12 budgeting tips for the new year
As 2019 approaches, one of the most common resolutions people commit to is becoming more financially stable. This is true for consumers and business owners alike. For small business owners looking to become stronger financially next year, it will be critical to think about your budget now and plan ahead.
Better Business Bureau Northwest + Pacific is focused on providing business development information such as this to help owners and employees improve their bottom line. Here’s what we recommend:
• Pay attention to every dime: As a small business owner, it’s common to push bookkeeping until the end of every month, or maybe even the end of every quarter. But to really understand your financials, it is important to track every dollar spent.
• Plan for sales volatility: After your first year, you should have an understanding where your best months are going to be so you can prepare cash to cover expenses during the down months.
• Overestimate expenses: Most expenses vary — utilities, overtime pay and supplies, for example. If you overestimate what these costs will be, you’ll protect yourself from running dry when expenses are high. If you do end up with extra cash, consider reinvesting it.
• Share your budget with employees: Too many business owners keep the company’s financial statements a secret from internal staff, when, really, being transparent with employees can help them understand the business, the bottom line and what they can do to help drive the organization toward success.
• Put money away for taxes and emergencies: Remember, with profits come taxes. A good business practice is to set aside at least 30 percent of your profits to take care of tax-related expenses or unforeseen emergencies.

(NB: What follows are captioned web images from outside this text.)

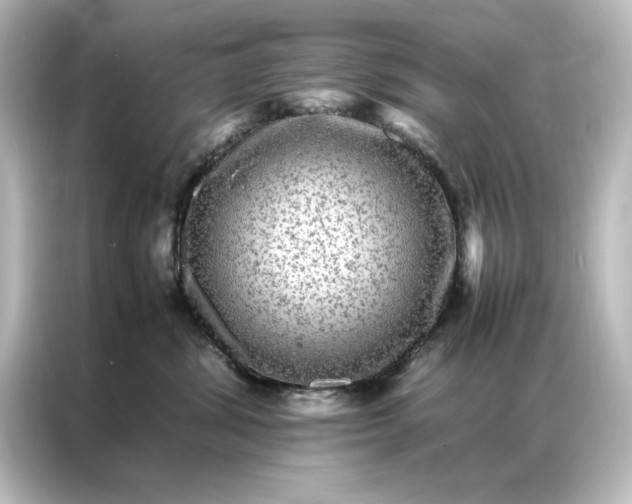 X0000087060428200705021220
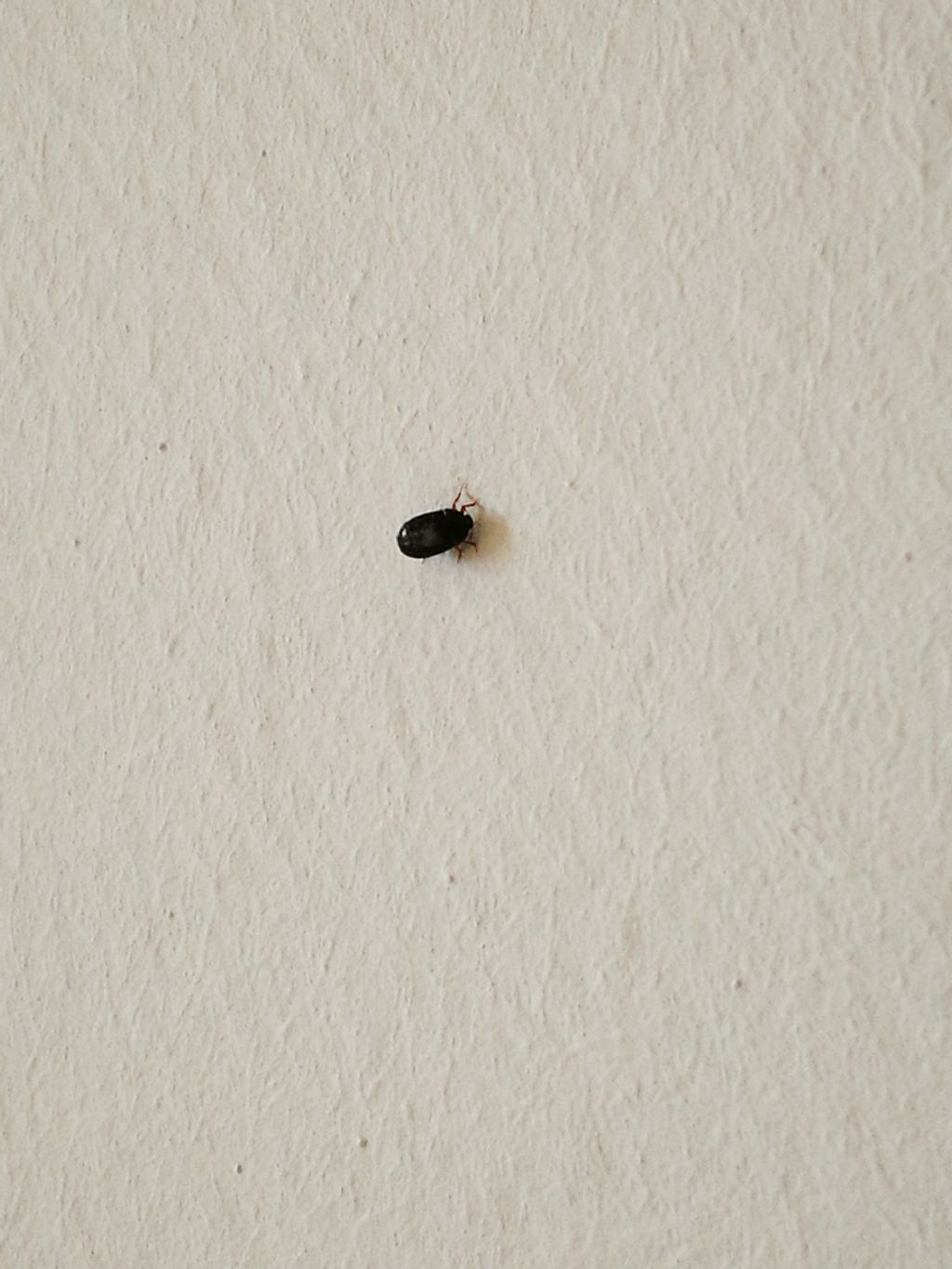 Antreno della scrofularia: Piuttosto un Attagenus sp.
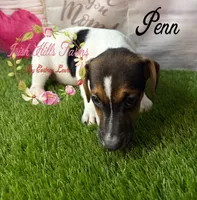 Penn, a male Jack Russell Terrier for sale in Dover, FL – 5 of 5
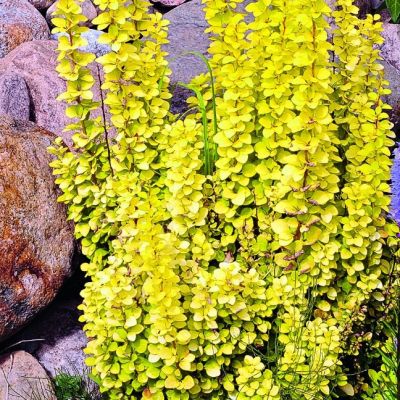 Барбарис Тунберга Голден Торч фото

• Anticipate future expenses: It’s hard to plan for everything, but try to consider what’s coming down the pike every year. Things like training and recruiting expenses, marketing and advertising increases, or maybe you’re planning on switching to cloud storage in 2019. Make sure you understand the investment and have the funds on hand.
Now, let’s address one more important item when we’re talking about a businesses’ financial health: working capital. Working capital is defined by this formula: current assets – current liabilities = working capital. This metric tells investors important information about your operational efficiency and whether the short-term financial outlook is positive. Know this number.
Take this a step further with this formula: current assets / current liabilities = current ratio. When you divide assets by liabilities, this tells investors whether the business has short-term assets to pay off short-term debt. Another critical metric. Ideally, that current ratio should fall between 1.2 and 2. When your current assets are less than current liabilities, you might have a hard time getting capital loans because this indicates you could have an issue paying creditors.
There are other formulae and algorithms to help investors understand the risk they’re taking on when they look at your business, but it all comes down to one important concept: keeping your working capital at a healthy level to predict short-term assets and liabilities, especially available cash. This is especially true for small business owners who might be looking to start a project or venture in 2019, as this often requires you to dip into your working capital.
Here are BBB’s tips on how to improve working capital:
• Incentivize receivables: Simply put, this means rewarding customers who pay early or on time and severing ties with customers who default on payments.
• Pay your debt obligations on time: Instruct your accounts payable department and/or accounting team to pay debt on time so you avoid additional penalties.
• Research vendors: You want to negotiate with vendors for discounts and maintain solid relationships with them so that if you ever need leniency when paying, they’ll oblige.
• Optimize fixed and variable costs: Reduce these costs wherever possible to try and eliminate wasteful spending. A reduction in expenses has an immediate positive impact on liquidity.
• Examine interest payments: Review these terms regularly because, often, the interest on loans and other fixed debt may be eligible for modification. If so, you can pay off the debt faster and save on interest expenses, which, again, reduces your liability.
• Manage inventory: Don’t overstock your inventory and do be ruthless about cutting products and services that aren’t selling to keep your sales healthy.
Jeremy Johnson is the Eastern Idaho Marketplace Manager for the Better Business Bureau Northwest + Pacific.